紛う事なき佳作「さらい屋五葉」(良い意味で)

 昨年放映された「リストランテ・パラディーゾ」がキッカケで、少々オノ・ナツメの漫画に目を通したんだが、悪い意味でなく、この作者は男性を愛してやまないのだと思う。
 方向性は違うけれど、男性誌にも描く括りでは東村アキコなんかもそうなんだが、この世代、いい男もダメ男も平等に好感をもって表現する傾向にある。
 
 で、アニメーション版「さらい屋五葉」。
 メインとなる男性陣、皆、弱い点を持っている。
 彼らに対し、思い入れがありつつ極力フラットに描いてるのだが、その微妙な加減を何事もないようにサラッと打ち出している。

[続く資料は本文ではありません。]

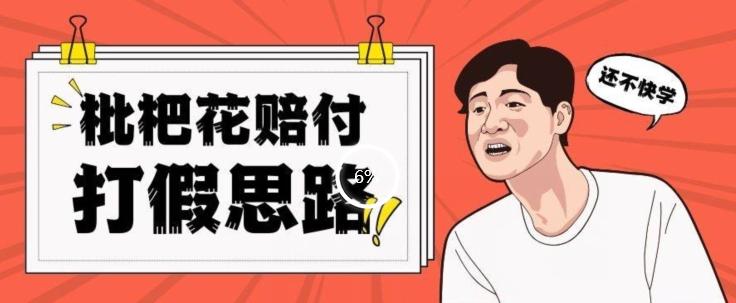 最新打假原料枇杷花赔付玩法一单收益1000+小白轻松下车【详细视频玩法教程】【仅揭秘】-氚客吧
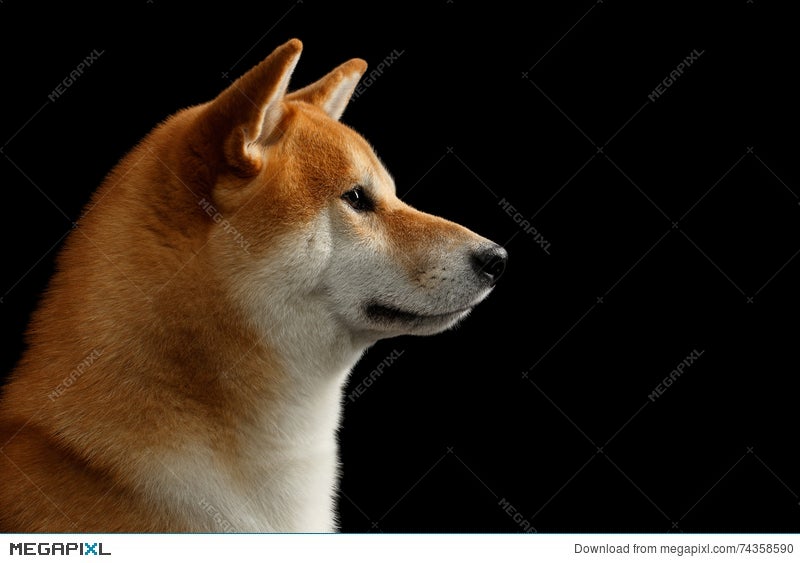 Close Up Portrait In Profile Shiba Inu Dog Black Background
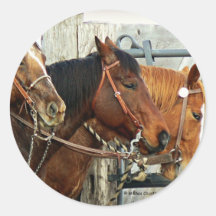 Têtes de cheval mises un frein adhésifs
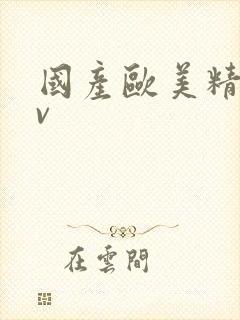 国产欧美精品av封面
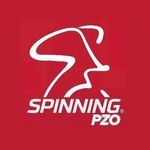 ＳＰＩＮＮＩＮＧ ＰＺＯ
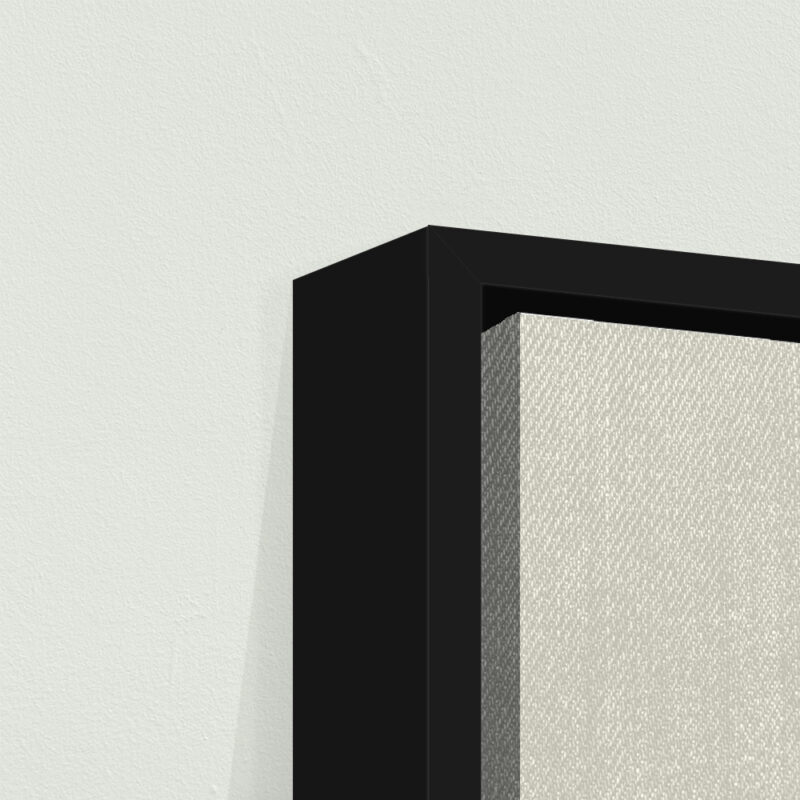 Stretched Blank Canvas With Floating Frame Fantastic Framing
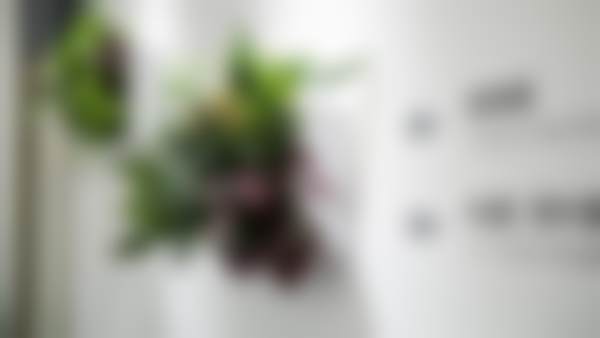 六、北京维乐口腔（花园路）吕丽霞医生口碑评价及真人实例反馈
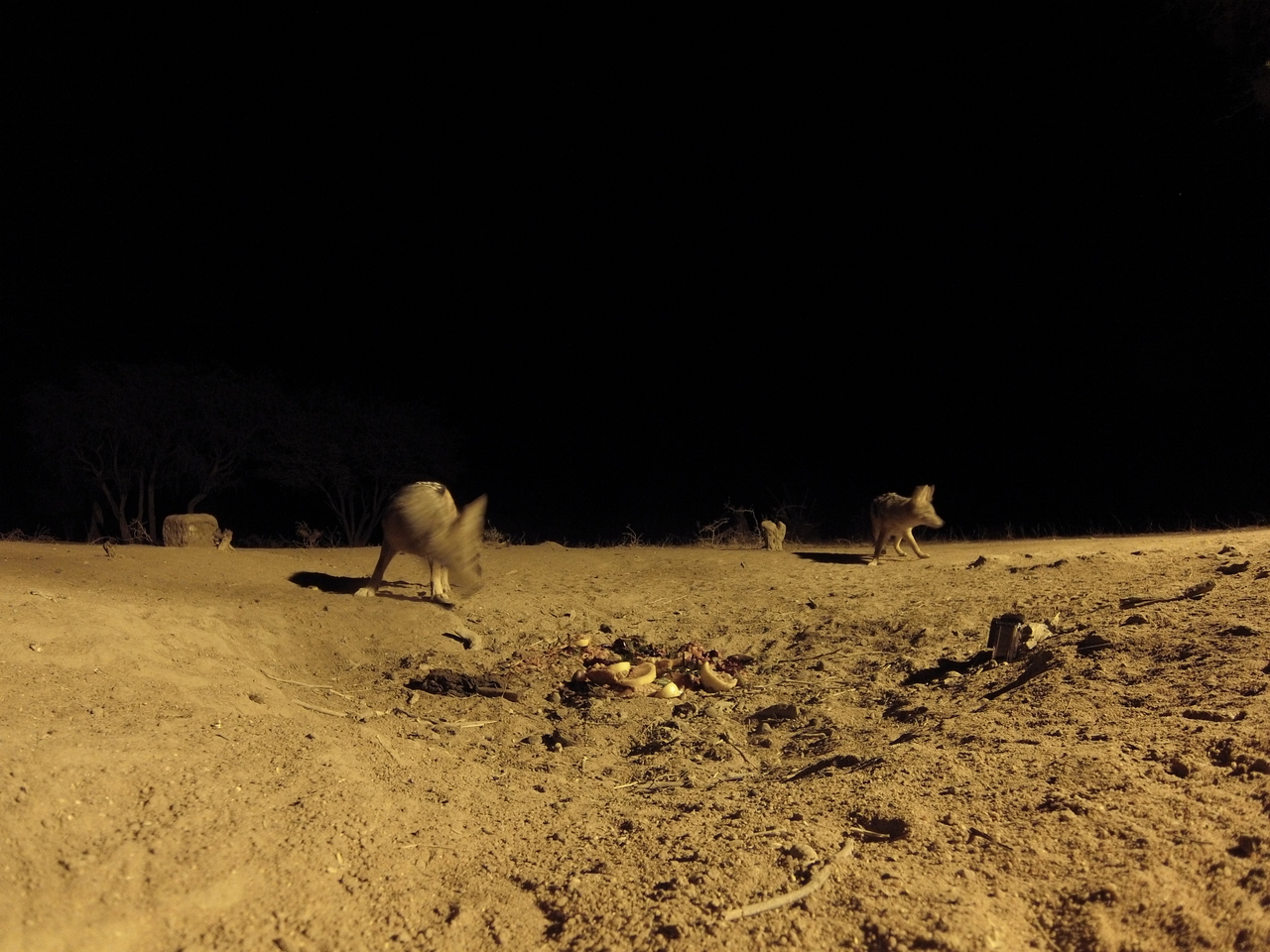 [3877] 2016_06_22_20_46_28_Africa_Hero3-Silver_Edition_IMG__00495.jpg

 オノ・ナツメ作品の特徴のふたつめに、女性は必要以上に出張らない点があるのだが、こちらもそのまま。
 キャストの方々の抑制された演技が効いていた。
 時代劇らしくない音楽の使用は「必殺仕事人」シリーズで採用されたもので目新しくはないけれど、一度耳にすれば「さらい屋五葉」とわかり且つ作品の印象を高める、効果的なもの。
 アニプレックスらしく、タイアップによりOPとEDの曲が作品全体と内容を異にしていた点だけが、残念だ。
 
 望月智充監督・脚本は「ポルフィの長い旅」以来と思うが、相変わらずいい作品を作られますなぁ。